EXHIBIT 10.4
This instrument, when recorded,
should be returned to:
Christopher J. Moore
Orrick, Herrington & Sutcliffe
LLP
666 Fifth Avenue
New York, NY 10103-0001
Cross Reference:
Book 1408
Page 369
Floyd County, Georgia
AMENDMENT NO. 1 TO HEAD
LEASE AGREEMENT (P1)
THIS AMENDMENT NO. 1 TO HEAD
LEASE AGREEMENT (P1) (this “ Amendment ”) is made
as of May 22, 2009, by and between (i) OGLETHORPE
POWER CORPORATION, (AN ELECTRIC MEMBERSHIP CORPORATION ), an
electric membership corporation organized under the laws of the
State of Georgia (herein, together with its successors and
permitted assigned, called “ Oglethorpe ”), and
(ii) U.S. BANK NATIONAL ASSOCIATION , a national
banking association organized under the laws of the United States,
successor in interest to SunTrust Bank, Atlanta, not in its
individual capacity but solely as Co-Trustee under the Trust
Agreement (herein, together with its successors and permitted
assigns, called the “ Co-Trustee ”).
Capitalized terms used herein and not otherwise defined being used
herein as defined in the Head Lease (as defined below) or in
Appendix A thereto, as heretofore amended.
W
I T
N E S S
E T H
T H A
T
WHEREAS, on December 30, 1996,
Oglethorpe and the Co-Trustee entered into the Rocky Mountain
Head Lease Agreement (P1), filed for record August 7, 1997 in
Book 1408 Page 369 of the Floyd County, Georgia land records
(the “ Head Lease ”) pursuant to which
Oglethorpe leased to the Co-Trustee the Undivided Interest upon the
terms and conditions set forth therein;
WHEREAS, pursuant to
Section 8.5 of the Participation Agreement, Oglethorpe has
caused Berkshire Hathaway Assurance Corporation (“
Berkshire ”) to issue a surety bond in favor of the
Head Lessee and the Owner Participant with respect to certain of
the Head Lessor’s obligations under the Head Lease and under
the Participation Agreement and the obligations of Ambac Assurance
Corporation, formerly known as AMBAC Indemnity Corporation, under
the Surety Bond (Head Lease-P1) No.
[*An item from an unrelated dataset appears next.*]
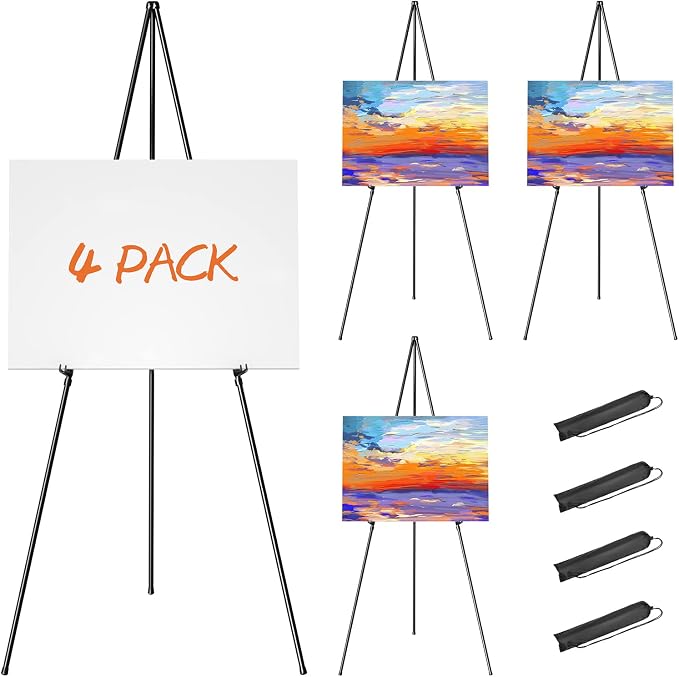 Easel Stand for Display, Aredy 63" Portable Painting Easel, Lightweight Metal Easels for Painting Canvas, Wedding Sign (4 Pack)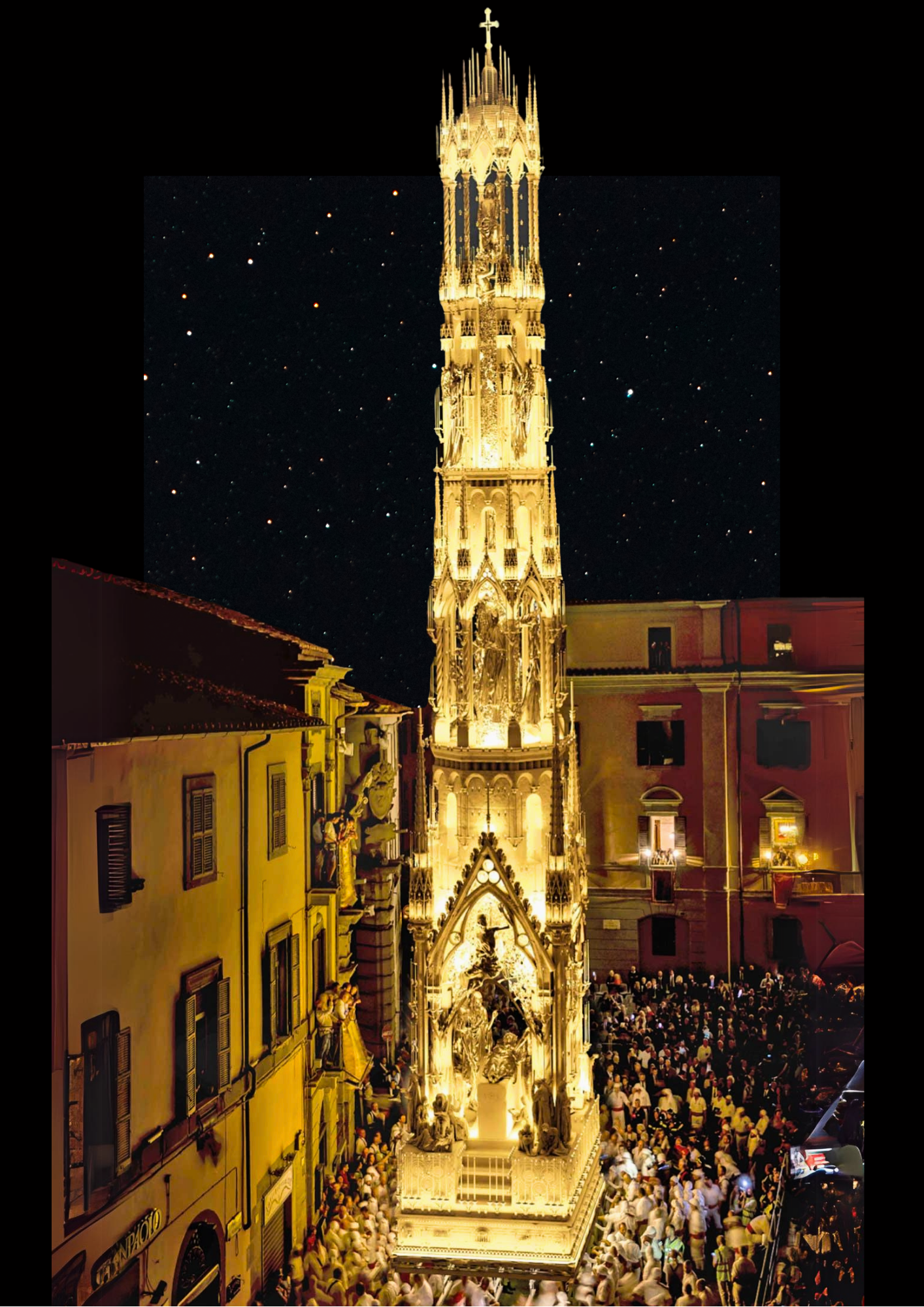 Immagine evocativa della Macchina di Santa Rosa illuminata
SF0003BE, as may be
amended, or amended and restated, from time to time; and
WHEREAS, in connection with the
issuance by Berkshire of such surety bond, each of the parties
hereto wishes to amend the Head Lease to include an additional Head
Lessor Event of Default.
NOW THEREFORE, in consideration of
the premises and for other good and valuable consideration, the
receipt and adequacy of which are hereby acknowledged, the parties
hereto hereby agree as follows:
Section 1.
Amendments to Appendix A (Definitions) to Head
Lease
Appendix A to the Head Lease is
hereby amended as follows:
(i)
by deleting the defined term “AMBAC Indemnity” and
replacing the definition of “AMBAC”, in its entirety,
with the following language:
“AMBAC”
shall mean Ambac Assurance
Corporation (formerly named AMBAC Indemnity Corporation), a
Wisconsin-domiciled stock-insurance corporation. Any
reference herein to “AMBAC Indemnity” shall be a
reference to “AMBAC.”
(ii)
by adding the following definitions thereto:
“ AMBAC Head Lease Surety
Bond ” shall mean the Amended and Restated Surety Bond
(Head Lease-P1) No. SF0003BE issued on May 22, 2009 by
AMBAC in favor of the Head Lessee and the Owner
Participant.
“ Berkshire ”
shall mean Berkshire Hathaway Assurance Corporation.
“ Berkshire Head Lease
Surety Bond ” shall mean the Surety Bond (Head Lease-P1)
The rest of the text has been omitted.